- _Directions_
Copy word for word, and only, the lines below from the one with "Spitz Poster (Vorne)" through the last.
::: Data listing :::
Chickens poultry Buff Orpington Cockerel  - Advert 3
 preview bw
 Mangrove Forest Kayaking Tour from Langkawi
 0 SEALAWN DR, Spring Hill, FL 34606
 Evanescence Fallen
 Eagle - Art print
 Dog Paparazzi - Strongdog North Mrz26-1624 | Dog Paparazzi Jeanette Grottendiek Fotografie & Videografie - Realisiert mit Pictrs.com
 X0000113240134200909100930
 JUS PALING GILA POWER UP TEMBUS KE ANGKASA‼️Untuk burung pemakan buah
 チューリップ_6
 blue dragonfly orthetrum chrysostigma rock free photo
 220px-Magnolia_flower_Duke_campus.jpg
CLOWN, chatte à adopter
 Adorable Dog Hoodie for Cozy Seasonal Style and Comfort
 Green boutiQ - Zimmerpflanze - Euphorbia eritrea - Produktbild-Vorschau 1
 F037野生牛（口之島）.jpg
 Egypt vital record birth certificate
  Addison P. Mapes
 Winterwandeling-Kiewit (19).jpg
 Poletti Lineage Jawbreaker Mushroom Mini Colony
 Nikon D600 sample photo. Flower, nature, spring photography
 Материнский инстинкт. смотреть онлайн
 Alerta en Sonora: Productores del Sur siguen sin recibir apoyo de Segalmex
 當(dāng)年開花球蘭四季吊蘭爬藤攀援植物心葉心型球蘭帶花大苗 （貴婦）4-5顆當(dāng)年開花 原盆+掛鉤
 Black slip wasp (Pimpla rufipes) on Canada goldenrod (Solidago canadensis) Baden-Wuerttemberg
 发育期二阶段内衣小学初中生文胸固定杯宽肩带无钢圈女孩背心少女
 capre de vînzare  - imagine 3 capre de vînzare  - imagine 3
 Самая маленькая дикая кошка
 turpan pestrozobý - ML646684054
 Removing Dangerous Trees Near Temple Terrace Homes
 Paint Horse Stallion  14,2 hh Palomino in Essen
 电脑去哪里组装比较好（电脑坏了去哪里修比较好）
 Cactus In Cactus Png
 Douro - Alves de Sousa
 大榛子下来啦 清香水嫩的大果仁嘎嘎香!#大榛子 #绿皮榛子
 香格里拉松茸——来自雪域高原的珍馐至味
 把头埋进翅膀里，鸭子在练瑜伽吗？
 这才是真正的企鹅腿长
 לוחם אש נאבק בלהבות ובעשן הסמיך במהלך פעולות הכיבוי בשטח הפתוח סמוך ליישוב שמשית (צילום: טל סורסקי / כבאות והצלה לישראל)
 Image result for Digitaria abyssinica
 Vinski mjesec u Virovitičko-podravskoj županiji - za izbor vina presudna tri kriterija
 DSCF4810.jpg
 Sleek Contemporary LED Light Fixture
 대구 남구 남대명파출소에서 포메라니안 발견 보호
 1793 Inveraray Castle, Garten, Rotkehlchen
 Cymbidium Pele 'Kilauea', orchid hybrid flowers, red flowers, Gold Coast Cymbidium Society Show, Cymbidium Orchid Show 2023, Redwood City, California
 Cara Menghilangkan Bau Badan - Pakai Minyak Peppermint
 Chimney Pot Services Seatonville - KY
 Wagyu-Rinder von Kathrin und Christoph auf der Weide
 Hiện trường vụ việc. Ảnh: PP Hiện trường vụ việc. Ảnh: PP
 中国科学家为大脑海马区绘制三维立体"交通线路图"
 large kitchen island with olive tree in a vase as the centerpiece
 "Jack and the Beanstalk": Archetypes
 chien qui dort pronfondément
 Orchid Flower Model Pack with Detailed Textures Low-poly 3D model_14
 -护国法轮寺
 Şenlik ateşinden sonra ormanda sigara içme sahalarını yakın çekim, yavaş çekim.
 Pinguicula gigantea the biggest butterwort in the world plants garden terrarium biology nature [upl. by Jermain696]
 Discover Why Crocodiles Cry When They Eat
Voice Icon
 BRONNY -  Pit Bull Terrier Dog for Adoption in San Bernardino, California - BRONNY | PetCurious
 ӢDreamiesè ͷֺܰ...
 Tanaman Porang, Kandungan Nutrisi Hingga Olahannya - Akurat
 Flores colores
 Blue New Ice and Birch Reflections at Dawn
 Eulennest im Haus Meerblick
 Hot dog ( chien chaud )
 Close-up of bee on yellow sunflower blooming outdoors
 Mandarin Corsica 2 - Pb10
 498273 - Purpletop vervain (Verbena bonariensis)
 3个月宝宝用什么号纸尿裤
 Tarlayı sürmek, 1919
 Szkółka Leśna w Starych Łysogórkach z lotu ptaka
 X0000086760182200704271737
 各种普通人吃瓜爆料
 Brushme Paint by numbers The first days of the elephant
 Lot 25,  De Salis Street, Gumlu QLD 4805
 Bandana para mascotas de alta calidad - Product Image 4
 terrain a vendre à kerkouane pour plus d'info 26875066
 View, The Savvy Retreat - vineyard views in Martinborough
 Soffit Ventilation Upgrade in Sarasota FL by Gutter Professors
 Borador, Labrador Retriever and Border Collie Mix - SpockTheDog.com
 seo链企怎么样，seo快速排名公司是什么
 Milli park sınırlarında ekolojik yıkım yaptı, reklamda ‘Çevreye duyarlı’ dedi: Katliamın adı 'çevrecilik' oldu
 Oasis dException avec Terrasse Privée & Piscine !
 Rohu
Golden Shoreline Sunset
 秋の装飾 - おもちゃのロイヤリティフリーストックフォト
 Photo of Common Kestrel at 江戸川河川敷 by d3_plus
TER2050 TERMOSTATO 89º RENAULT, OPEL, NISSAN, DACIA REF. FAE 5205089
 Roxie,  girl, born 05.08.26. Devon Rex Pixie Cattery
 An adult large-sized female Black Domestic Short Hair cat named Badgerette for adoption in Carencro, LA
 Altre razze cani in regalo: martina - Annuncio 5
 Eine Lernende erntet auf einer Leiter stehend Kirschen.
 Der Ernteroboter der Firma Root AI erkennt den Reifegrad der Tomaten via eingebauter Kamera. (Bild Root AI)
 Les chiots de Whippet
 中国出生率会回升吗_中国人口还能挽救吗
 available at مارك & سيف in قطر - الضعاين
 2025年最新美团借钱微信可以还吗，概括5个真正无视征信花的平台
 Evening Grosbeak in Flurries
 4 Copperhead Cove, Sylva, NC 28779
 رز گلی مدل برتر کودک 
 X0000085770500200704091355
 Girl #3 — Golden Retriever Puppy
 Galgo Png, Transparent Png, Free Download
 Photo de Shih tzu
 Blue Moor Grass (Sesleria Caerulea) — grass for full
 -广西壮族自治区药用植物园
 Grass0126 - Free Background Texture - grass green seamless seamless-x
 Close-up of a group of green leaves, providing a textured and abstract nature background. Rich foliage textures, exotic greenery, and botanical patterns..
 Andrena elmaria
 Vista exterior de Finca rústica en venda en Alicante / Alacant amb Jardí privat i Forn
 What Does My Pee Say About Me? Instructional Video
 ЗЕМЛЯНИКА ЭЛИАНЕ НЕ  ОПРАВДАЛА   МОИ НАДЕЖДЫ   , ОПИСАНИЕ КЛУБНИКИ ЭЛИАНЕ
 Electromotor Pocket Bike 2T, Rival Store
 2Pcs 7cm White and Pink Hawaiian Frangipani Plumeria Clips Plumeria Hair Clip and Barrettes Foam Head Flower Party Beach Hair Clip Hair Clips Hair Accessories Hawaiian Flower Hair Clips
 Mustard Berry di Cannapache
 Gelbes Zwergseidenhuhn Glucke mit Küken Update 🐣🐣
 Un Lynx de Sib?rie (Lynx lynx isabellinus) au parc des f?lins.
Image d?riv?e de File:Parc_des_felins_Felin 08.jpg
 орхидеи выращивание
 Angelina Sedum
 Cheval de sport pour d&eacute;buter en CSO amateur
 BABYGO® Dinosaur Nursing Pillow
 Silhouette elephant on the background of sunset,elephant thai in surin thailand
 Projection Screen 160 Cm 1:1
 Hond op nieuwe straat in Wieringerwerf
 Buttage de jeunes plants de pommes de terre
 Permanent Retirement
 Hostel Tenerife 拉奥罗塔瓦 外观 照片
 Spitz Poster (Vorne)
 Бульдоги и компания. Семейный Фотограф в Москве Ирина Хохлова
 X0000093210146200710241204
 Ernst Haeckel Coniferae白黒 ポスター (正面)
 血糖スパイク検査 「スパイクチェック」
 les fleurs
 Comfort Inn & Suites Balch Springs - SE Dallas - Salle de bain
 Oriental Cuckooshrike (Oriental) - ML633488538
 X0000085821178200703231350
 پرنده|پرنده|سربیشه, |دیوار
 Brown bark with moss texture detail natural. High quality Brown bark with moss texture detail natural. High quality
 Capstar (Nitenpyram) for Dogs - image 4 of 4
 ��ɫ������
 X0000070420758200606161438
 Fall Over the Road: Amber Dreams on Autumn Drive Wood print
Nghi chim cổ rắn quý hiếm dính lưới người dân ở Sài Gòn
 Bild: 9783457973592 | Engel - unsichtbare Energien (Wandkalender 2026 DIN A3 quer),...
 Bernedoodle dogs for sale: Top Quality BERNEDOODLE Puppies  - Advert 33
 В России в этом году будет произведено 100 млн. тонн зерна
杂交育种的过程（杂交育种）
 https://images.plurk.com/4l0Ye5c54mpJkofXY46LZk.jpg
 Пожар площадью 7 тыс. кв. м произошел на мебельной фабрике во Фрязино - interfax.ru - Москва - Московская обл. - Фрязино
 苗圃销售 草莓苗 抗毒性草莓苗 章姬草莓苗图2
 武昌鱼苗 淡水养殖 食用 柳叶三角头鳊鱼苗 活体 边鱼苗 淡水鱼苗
:::
- _Solution to the exercise_
 Spitz Poster (Vorne)
 Бульдоги и компания. Семейный Фотограф в Москве Ирина Хохлова
 X0000093210146200710241204
 Ernst Haeckel Coniferae白黒 ポスター (正面)
 血糖スパイク検査 「スパイクチェック」
 les fleurs
 Comfort Inn & Suites Balch Springs - SE Dallas - Salle de bain
 Oriental Cuckooshrike (Oriental) - ML633488538
 X0000085821178200703231350
 پرنده|پرنده|سربیشه, |دیوار
 Brown bark with moss texture detail natural. High quality Brown bark with moss texture detail natural. High quality
 Capstar (Nitenpyram) for Dogs - image 4 of 4
 ��ɫ������
 X0000070420758200606161438
 Fall Over the Road: Amber Dreams on Autumn Drive Wood print
Nghi chim cổ rắn quý hiếm dính lưới người dân ở Sài Gòn
 Bild: 9783457973592 | Engel - unsichtbare Energien (Wandkalender 2026 DIN A3 quer),...
 Bernedoodle dogs for sale: Top Quality BERNEDOODLE Puppies  - Advert 33
 В России в этом году будет произведено 100 млн. тонн зерна
杂交育种的过程（杂交育种）
 https://images.plurk.com/4l0Ye5c54mpJkofXY46LZk.jpg
 Пожар площадью 7 тыс. кв. м произошел на мебельной фабрике во Фрязино - interfax.ru - Москва - Московская обл. - Фрязино
 苗圃销售 草莓苗 抗毒性草莓苗 章姬草莓苗图2
 武昌鱼苗 淡水养殖 食用 柳叶三角头鳊鱼苗 活体 边鱼苗 淡水鱼苗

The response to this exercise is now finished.